Strange non-sequitur. Obviously, banning abortion and gay marriage would be bad for society.
OK. However, it's not clear how many lives that would save. When you compare us to peer nations you'll find that non-firearm homicides here are about three times as common, but that total homicides are about nine times as common. That suggests that about 1/3 of the problem is things like culture and poor mental health treatment, while 2/3 is guns.
There's always apoplectic sputtering among gun enthusiasts when one brings it up, since it's such an obvious problem with trying to interpret the "right to bear arms" as an absolute right that cannot be infringed. Deep down pretty much everyone agrees that the government can and should decide which arms people get to bear. We just disagree about the details of which it should be banning. That's an uncomfortable point for the gun enthusiasts to grapple with, so they'd rather just throw their hands up in indigitation and incredulity when the point is made, and pretend that somehow erases the point. But it doesn't. The fact remains nearly all of us support drawing a line SOMEWHERE, in the spectrum of escalating arms. And that tears away the absolutist pretensions of the gun nuts and focuses the debate on more practical considerations of cost/benefit analysis for any proposed dividing line.
My analysis of cost-per-life-saved from paying for enhanced school security actually UNDERSELLS my point. I used 130,930 as the number of schools when calculating costs of security, yet when calculating school shooting averages, I used a figure that includes university shootings like the big one at Virginia Tech. So, that error would give us a "cost per life saved" that's too low. In reality, I should have subtracted out the college shootings, which would give us even fewer "lives saved" for the cost.

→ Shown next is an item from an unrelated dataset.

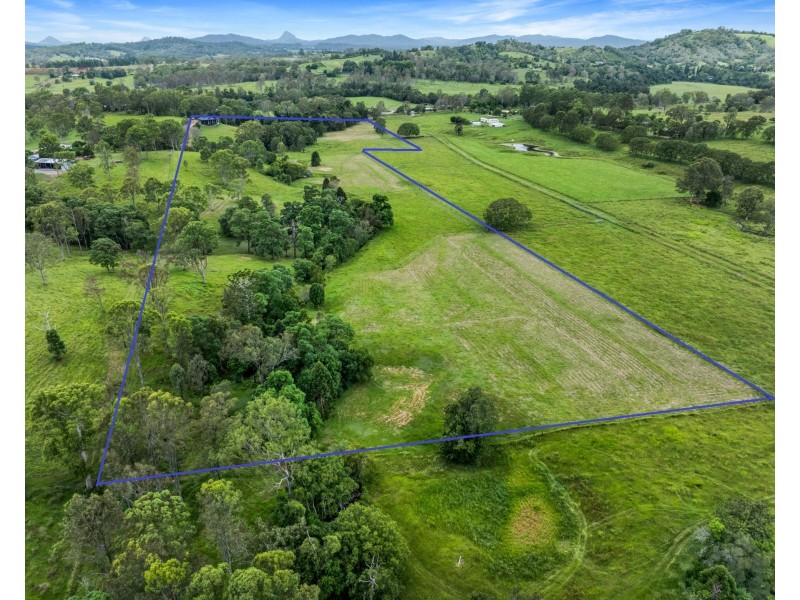 68 Hutchins Road, Amamoor QLD 4570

My point also undersells costs in that the 130,930 figure is the number of institutions, rather than buildings, and if you were to try to solve this with guards and security doors, etc., buildings are really the more relevant consideration. For example, one local high school I know effectively has two "campuses" -- one is the main building, and the other is a vocational education building, physically separated by some distance to reduce the distraction from noisy heavy machinery running. Schools with multiple large buildings are common, and some schools have a hell of a lot more than just two buildings, too. Like this one looks like it has about 17 buildings of significant size:
https://www.exeter.edu/about-us/our...y is located,placed prominently at the center.

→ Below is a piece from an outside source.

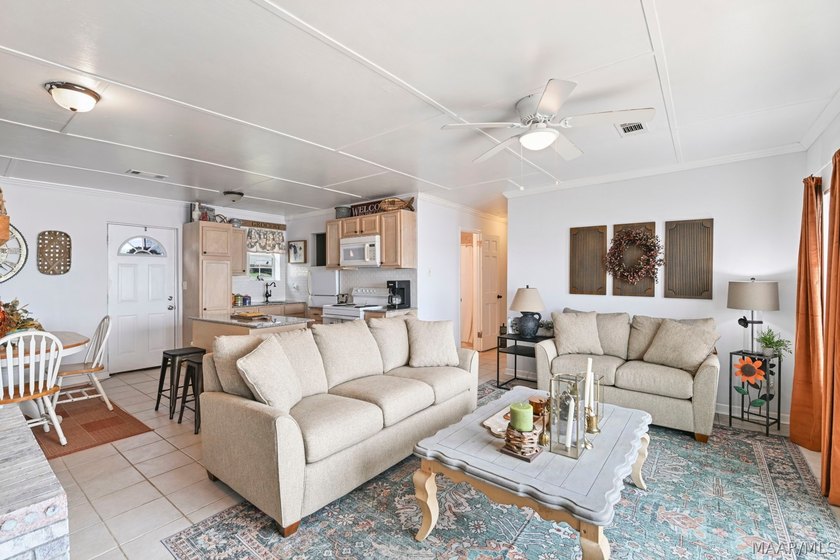 Move-in ready lakefront cabin with breathtaking views - photo 15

One guard isn't going to cut it, there. So, any solution based around physical security of that sort is either going to have a MUCH higher per-school cost, or will cover a lot less than 100% of school buildings (and thus have no chance of getting rid of all or even most school shootings). So, either way, that greatly drives up the cost-per-life-saved. A more realistic figure might be about $1 billion per life saved -- in the context of countless other ways to spend our money that would save more like one life for every $10 million. It's horrendously inefficient.